When you sit down to write a new blog and you end up just gnawing at your fingernails for an hour in the hope that your fingertips will become too bruised and tender to actually type anything, you realise you may be trying to suppress certain childhood memories. This blog post is a good example, since it has taken me a full hour to write this single paragraph.
By now you are probably thinking that something truly horrific happened to me, something so mentally scarring that I need to share it with the world in order to gain proper closure. Well, I’m afraid that after building it up so much, the story itself (which happened when I was seven-years-old) is going to feel a little anticlimactic … but since I’ve wasted so much time already, I’d like to persist.
I was sitting at the kitchen table one night, putting forward a carefully constructed argument (basically just whining, with a lot of mumbling mixed in) about why I didn’t want to eat my avocado, when my father suddenly stood up and removed the offending fruit from my plate.
It was uncharacteristic of my dad to concede defeat so early into the night and I was further shocked when he then turned to my brothers and I and cheerfully asked if we all wanted dessert. Did he just have a memory lapse or something?
Either way, I was very pleased with myself - that was until he handed me my dessert bowl.
Me: “Hey, what’s this?”
Dad (very causally): “That’s ice cream.”
Me: “No, it’s got green stuff in it.”
Dad: “Oh that, well, you don’t like avocado but you do like ice cream, and so I thought that if I mixed the two together you might start liking avocado.”
Me (a bit whiny again): “But I don’t want to eat the avocado bit.”
Dad: “Well it is mixed through, so if you want your ice cream, you have to eat the avocado bit.”
By this point, Dad and the boys were already halfway through their snow white uncontaminated desserts, whilst mine was slowly melting into a green lumpy river.

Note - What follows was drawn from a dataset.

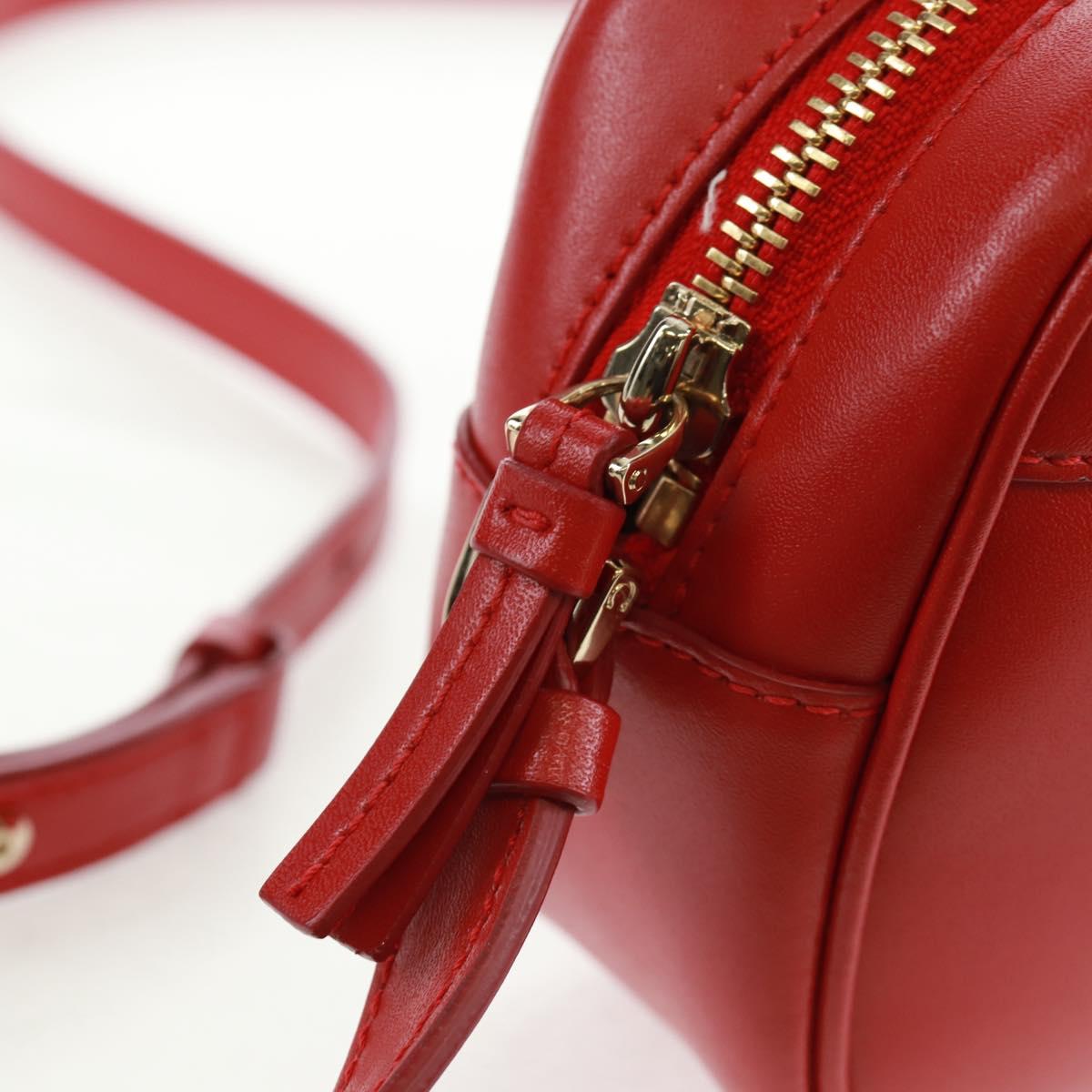 Salvatore Ferragamo Shoulder Bag Leather Red Gold Auth SW1965V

Now, rather than go into the gory details, I’d just like to say that there is a reason that ‘the avocado sundae’ has never been invented, or if it has, it’s never been a mainstream hit, and that’s because it’s seriously disgusting!

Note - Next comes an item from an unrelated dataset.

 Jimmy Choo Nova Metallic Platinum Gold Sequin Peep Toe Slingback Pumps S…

But I have to thank my father too, because he actually did me a favour that night. And it wasn’t just cleaning up my sick. My dad planted a seed in my head (maybe it was an avocado one) that slowly grew and evolved in my mind.
It’s very simple really: if you want to encourage children to embrace their fruit and vegetables, it’s important to be creative.
So I guess being traumatised by the avocado sundae was a good thing, because it pushed me to find other ways to make fruit and vegetables fun for children.
Now, after years of testing my own recipes with preschool children, I am releasing a story-based cookbook with edible food characters called Kindy Kitchen.
And I can almost hear my seven-year-old self sigh with relief.